Sedangkan angka stunting nasional saat ini masih sebesar 21,5 persen, jauh dari target prevalensi 2024 sebesar 14 persen dan standar World Health Organization (WHO) di bawah 20 persen.

Untuk di Sumsel sendiri, angka stunting sempat naik turun di tiga tahun terakhir. Di 2021 lalu, angka stunting sempat melonjak di angka 24,8 persen dan sempat menurun di 2022 sebesar 18,6 persen. Namun tahun 2023, angka stunting di Sumsel mengalami peningkatan 1,7 persen.

Salah satu penyebab tingginya angka stunting di Sumsel, karena pengetahuan tentang gizi untuk ibu hamil dan anak-anak yang masih minim. Bahkan, masih banyak orangtua yang memberikan Susu Kental Manis (SKM) ke anak-anaknya sebagai pengganti susu sufor atau ASI.

Yayasan Abhipraya Insan Cendekia Indonesia (YAICI) menggandeng Majelis Kesehatan PP Muslimat NU, akhirnya menggelar edukasi tentang stunting, gizi buruk dan beberapa permasalahan kesehatan di Palembang Sumsel.

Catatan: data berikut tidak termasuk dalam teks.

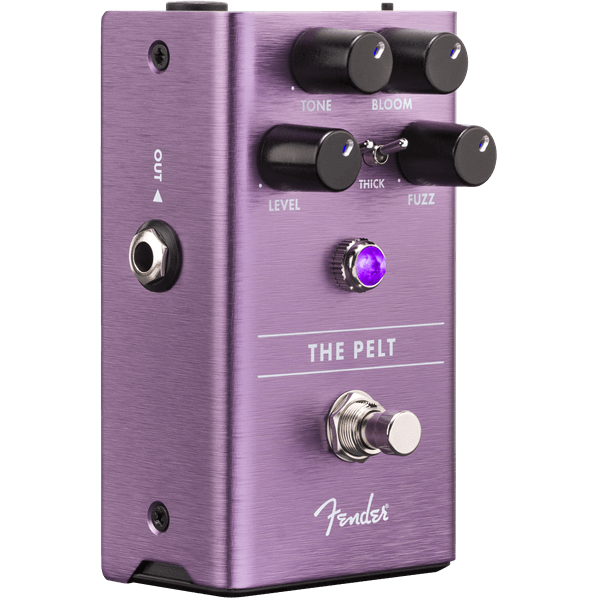 Pedal Fender Guit Elec The Pelt Fuzz 0234542000 - The Music Site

Dari data di lapangan, warga Palembang masih banyak yang mengira SKM adalah pengganti susu untuk pemenuhan gizi anak-anak. Hal tersebut terbukti saat mengunjungi lima keluarga di Jalan Bambu Kuning Kecamatan Sukarami Palembang Sumsel.

Menurut Ketua Harian YAICI Arif Hidayat di Palembang, dari lima keluarga yang ditemui, ada tiga keluarga yang masih menggunakan SKM yang diduga menjadi pemicu anak-anaknya mengalami stunting.

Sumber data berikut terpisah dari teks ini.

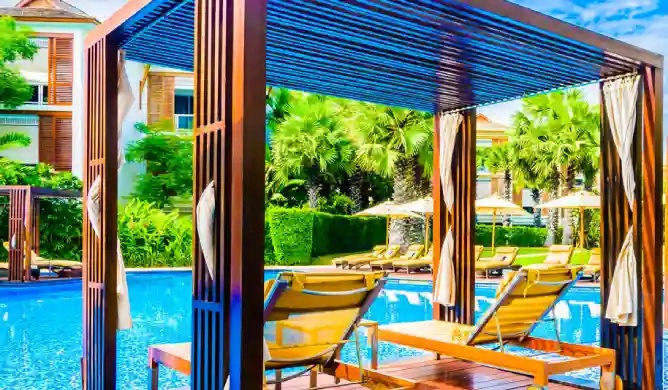 Luxury Canopy and Pergola Installation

“Mereka mengira SKM adalah susu, padahal SKM itu sirup yang beraroma susu dengan kadar lebih dari 50 persen mengandung gula. Hampir semua anak-anak yang stunting diberikan SKM dan konsumsi yang manis-manis, seperti snack dan permen,” ujarnya, Jumat (30/8/2024).

Doktrin tentang SKM adalah susu, diakuinya, memang sudah menjamur sejak masa lalu. Bahkan dengan masifnya iklan di media massa sejak tahun 1970-an, membuat masyarakat percaya jika dalam SKM ada kandungan susu yang bernilai gizi tinggi untuk anak-anak.

Padahal dalam SKM 100 mL, kandungan gula tinggi mencapai 50gram, atau 15gram gula per 30mL SKM dalam kemasan. Dalam satu sachet SKM mengandung sekitar 4-5 sendok gula yang menjadi standar kebutuhan orang dewasa, yang berbahaya jika dikonsumsi anak-anak secara berkala.

Mirisnya, tak hanya warga saja yang tidak tahu jika SKM bukanlah susu. Namun para pejabat yang ditemui tim YAICI, baru mengetahui jika SKM berbeda dengan susu yang cocok dikonsumsi oleh anak-anak dalam jangka waktu panjang, yang menjadi salah satu penyebab stunting.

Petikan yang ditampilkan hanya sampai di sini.